Il papa era molto preoccupato dalla nascente «religione laica» nazista che si stava diffondendo nel cuore dell’Europa, fatta di riti, simbologie, parate e deificazioni del Fuhrer in aperta rottura con la religiosità cristiana. E poi la Chiesa, universale per definizione, dissentiva con la Germania sul tema razziale e dal 1935 – anno di emanazione delle Leggi di Norimberga – la rivista Civiltà cattolica criticò duramente il governo tedesco in merito alla questione ebraica.
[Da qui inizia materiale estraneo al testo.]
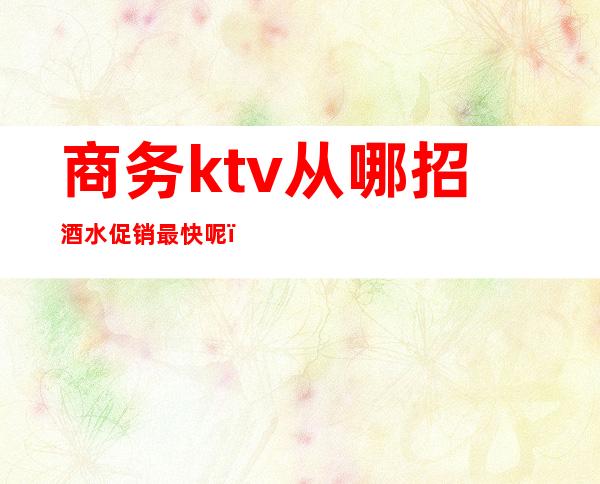 商务ktv从哪招酒水促销最快呢（KTV招酒水促销包食宿）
Nel 1937 il papa redasse – per la prima e unica volta nella Storia della Chiesa – un’enciclica in lingua tedesca, la Mit brennender Sorge, tradotto «con ansia bruciante». Rivolta ai vescovi tedeschi, la lettera criticava duramente il nazionalsocialismo come dottrina anticristiana, scagliandosi in particolare contro il culto idolatrico e perverso della razza e dello stato; il documento venne letto nelle parrocchie la domenica delle Palme e conservato segretamente nei tabernacoli. La reazione del regime fu severa: il Fuhrer ne ordinò personalmente il sequestro e vietò la diffusione del contenuto; gli esponenti del clero coinvolti furono processati con false accuse, talvolta arrestati o condotti nei campi di concentramento; i fedeli e le loro attività o associazioni furono sottoposti a pesanti persecuzioni.
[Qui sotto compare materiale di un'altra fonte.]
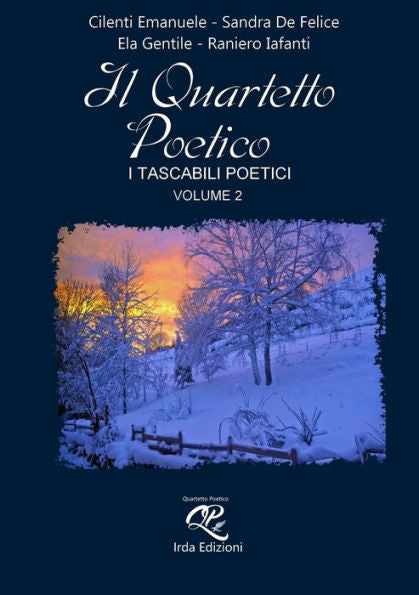 IL QUARTETTO POETICO - volume 2- (Italian Edition)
L’anno seguente, l’emanazione delle leggi razziali in Italia aveva disgustato il papa: «Mi vergogno di essere italiano. Lo dica pure a Mussolini!» si era sfogato con il padre gesuita Tacchi-Venturi «Io parlerò, non avrò paura. Mi preme il Concordato, ma mi preme di più la mia coscienza». Qualche mese dopo Pio XI aveva commissionato la stesura di un’enciclica di ferma condanna dell’antisemitismo e più in generale dei valori dei regimi nazista e fascista. È difficile immaginare cosa sarebbe accaduto se il documento fosse stato reso pubblico all’epoca, ma una cosa è certa: avrebbe rappresentato una critica severa e non troppo velata al regime di Mussolini – che tanto aveva goduto dell’approvazione della Santa Sede finora – influenzando in modo importante l’opinione pubblica del paese.
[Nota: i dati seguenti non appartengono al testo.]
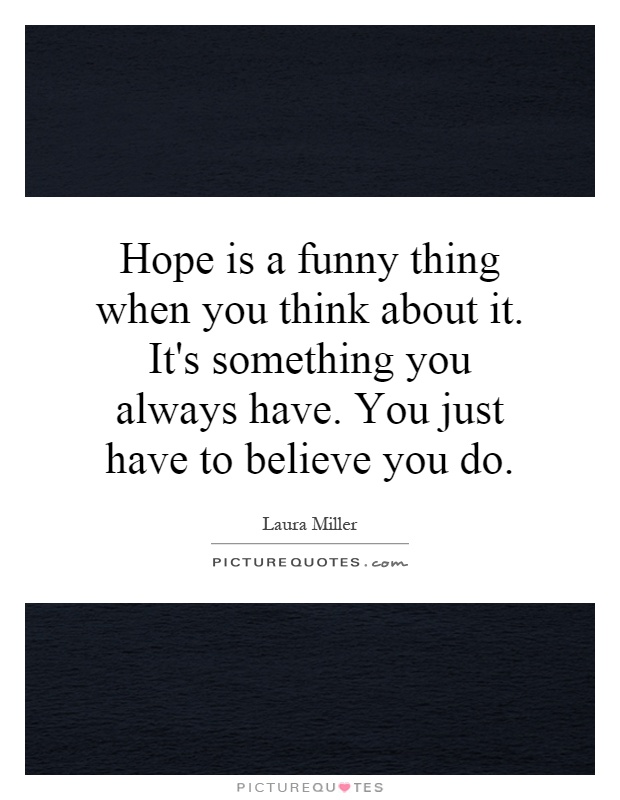 Hope is a funny thing when you think about it. It's something you always have. You just have to believe you do Picture Quote #1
Il Santo Padre aveva programmato di leggere il documento all’assemblea dei vescovi italiani riuniti per la decennale della Conciliazione, l’11 febbraio 1939, ma morì di infarto alla vigilia di quel giorno. Il suo successore, Pio XII, scelse di non pubblicare e negare la stessa esistenza dell’enciclica, che rimase nascosta tra gli archivi segreti del Vaticano e per questo è stata soprannominata l’«enciclica scomparsa»; solo verso la metà degli anni Novanta la bozza del documento sarebbe stata pubblicata per la prima volta in Francia, suscitando l’interesse degli studi studiosi e riaprendo parecchi interrogativi sul rapporto di Pio XI con il regime.